Chapter 9  Strings and things

In Java and other object-oriented languages, an object is a collection of data that provides a set of methods. For example, Scanner, which we saw in Section 3.2, is an object that provides methods for parsing input. System.out and System.in are also objects.

Strings are objects, too. They contain characters and provide methods for manipulating character data. We explore some of those methods in this chapter.

Not everything in Java is an object: int, double, and boolean are so-called primitive types. We will explain some of the differences between object types and primitive types as we go along.

9.1  Characters

Strings provide a method named charAt, which extracts a character. It returns a char, a primitive type that stores an individual character (as opposed to strings of them).

String fruit = "banana"; char letter = fruit.charAt(0);

The argument 0 means that we want the letter at position 0. Like array indexes, string indexes start at 0, so the character assigned to letter is b.

Characters work like the other primitive types we have seen. You can compare them using relational operators:

if (letter == 'a') { System.out.println('?'); }

Character literals, like 'a', appear in single quotes. Unlike string literals, which appear in double quotes, character literals can only contain a single character. Escape sequences, like '\\t', are legal because they represent a single character.

The increment and decrement operators work with characters. So this loop displays the letters of the alphabet:

System.out.print("Roman alphabet: "); for (char c = 'A'; c <= 'Z'; c++) { System.out.print(c); } System.out.println();

Java uses Unicode to represent characters, so strings can store text in other alphabets like Cyrillic and Greek, and non-alphabetic languages like Chinese. You can read more about it at http://unicode.org/.

In Unicode, each character is represented by a “code unit”, which you can think of as an integer. The code units for uppercase Greek letters run from 913 to 937, so we can display the Greek alphabet like this:

System.out.print("Greek alphabet: "); for (int i = 913; i <= 937; i++) { System.out.print((char) i); } System.out.println();

This example uses a type cast to convert each integer (in the range) to the corresponding character.

9.2  Strings are immutable

Strings provide methods, toUpperCase and toLowerCase, that convert from uppercase to lowercase and back. These methods are often a source of confusion, because it sounds like they modify strings. But neither these methods nor any others can change a string, because strings are immutable.

When you invoke toUpperCase on a string, you get a new string object as a return value. For example:

String name = "Alan Turing"; String upperName = name.toUpperCase();

After these statements run, upperName refers to the string "ALAN TURING". But name still refers to "Alan Turing".

Another useful method is replace, which finds and replaces instances of one string within another. This example replaces "Computer Science" with "CS":

String text = "Computer Science is fun!"; text = text.replace("Computer Science", "CS");

This example demonstrates a common way to work with string methods. It invokes text.replace, which returns a reference to a new string, "CS is fun!". Then it assigns the new string to text, replacing the old string.

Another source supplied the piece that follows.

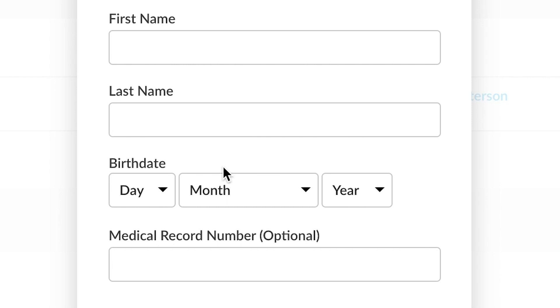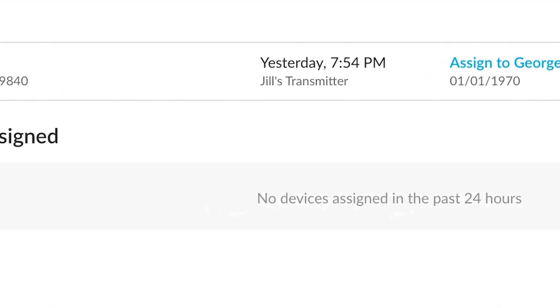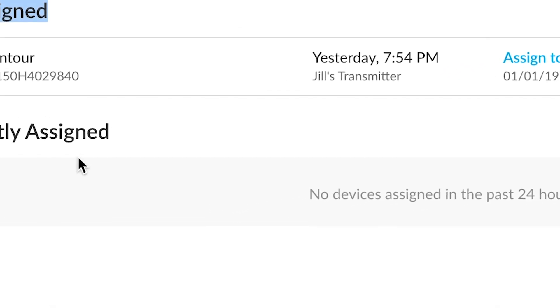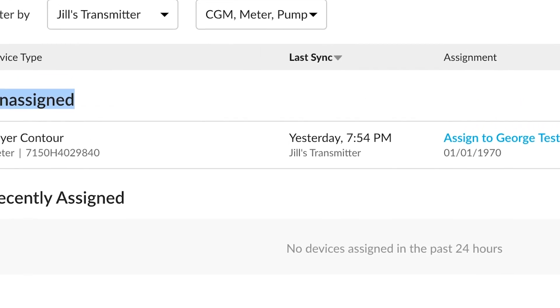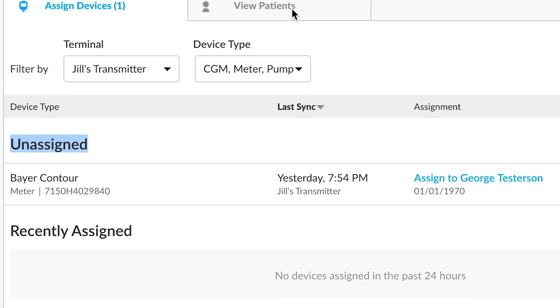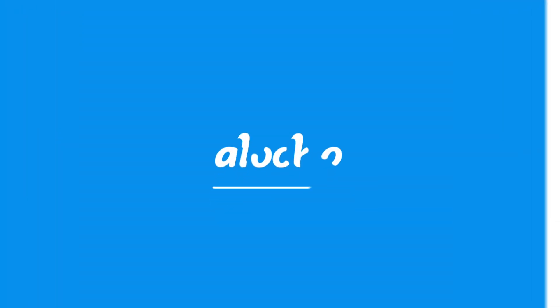We'll have a first name, last name, date of birth, and a medical record number. If we were to fill these out and say Continue, you would see this record then move to recently assigned. If we were to find that patient we just created in View Patients, that data from this Bayer Contour would now be assigned to that patient.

This assignment is important; if you don’t save the return value, invoking text.replace has no effect.

9.3  String traversal

The following loop traverses the characters in fruit and displays them, one on each line:

for (int i = 0; i < fruit.length(); i++) { char letter = fruit.charAt(i); System.out.println(letter); }

Strings provide a method called length that returns the number of characters in the string. Because it is a method, you have to invoke it with the empty argument list, ().

The condition is i < fruit.length(), which means that when i is equal to the length of the string, the condition is false and the loop terminates.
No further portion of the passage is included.